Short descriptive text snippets
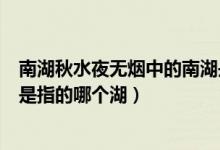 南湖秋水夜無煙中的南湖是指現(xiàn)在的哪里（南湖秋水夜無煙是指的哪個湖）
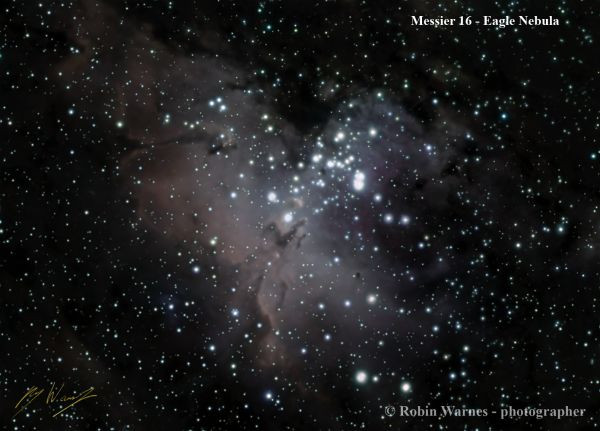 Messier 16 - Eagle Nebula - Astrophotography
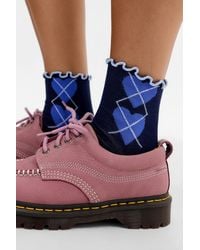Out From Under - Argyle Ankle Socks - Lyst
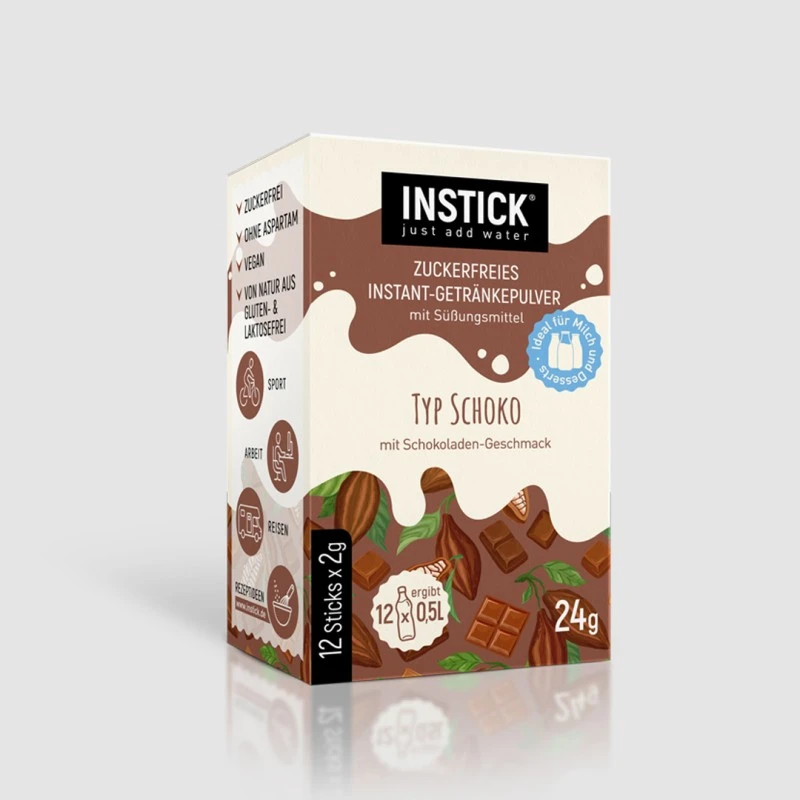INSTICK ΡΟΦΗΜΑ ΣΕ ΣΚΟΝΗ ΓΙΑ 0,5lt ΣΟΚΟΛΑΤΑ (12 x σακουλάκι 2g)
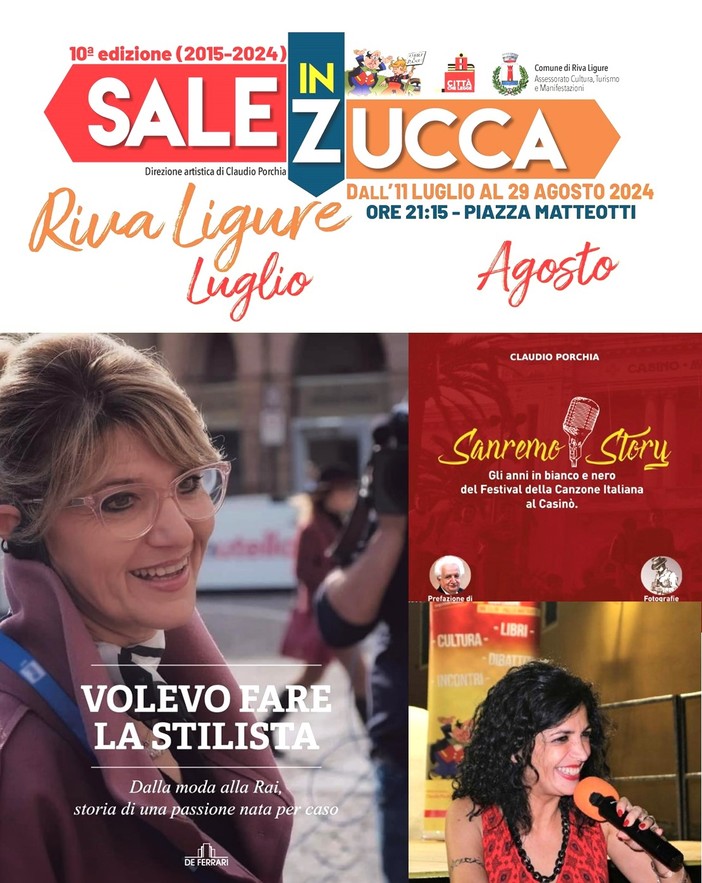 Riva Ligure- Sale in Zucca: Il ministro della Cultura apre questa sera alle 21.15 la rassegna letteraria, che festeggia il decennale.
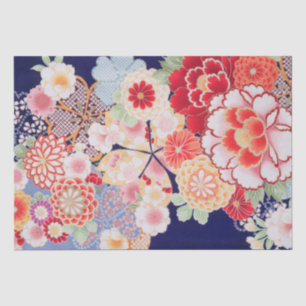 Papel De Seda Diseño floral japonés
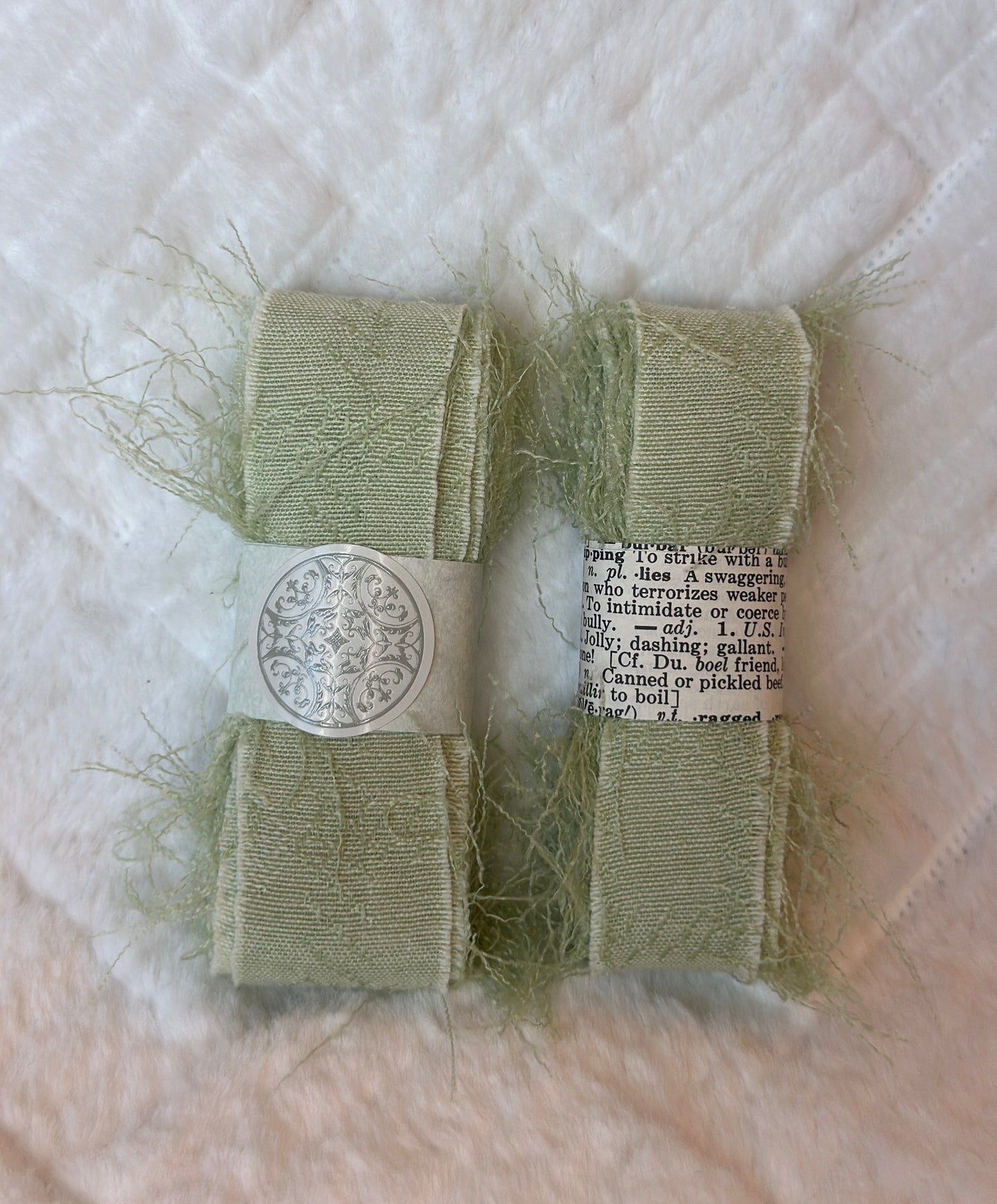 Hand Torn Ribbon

Action item:
Although the records contain pictures, print only the rest, exactly as written.

Response for this exercise:
 南湖秋水夜無煙中的南湖是指現(xiàn)在的哪里（南湖秋水夜無煙是指的哪個湖）
 Messier 16 - Eagle Nebula - Astrophotography
Out From Under - Argyle Ankle Socks - Lyst
INSTICK ΡΟΦΗΜΑ ΣΕ ΣΚΟΝΗ ΓΙΑ 0,5lt ΣΟΚΟΛΑΤΑ (12 x σακουλάκι 2g)
 Riva Ligure- Sale in Zucca: Il ministro della Cultura apre questa sera alle 21.15 la rassegna letteraria, che festeggia il decennale.
 Papel De Seda Diseño floral japonés
 Hand Torn Ribbon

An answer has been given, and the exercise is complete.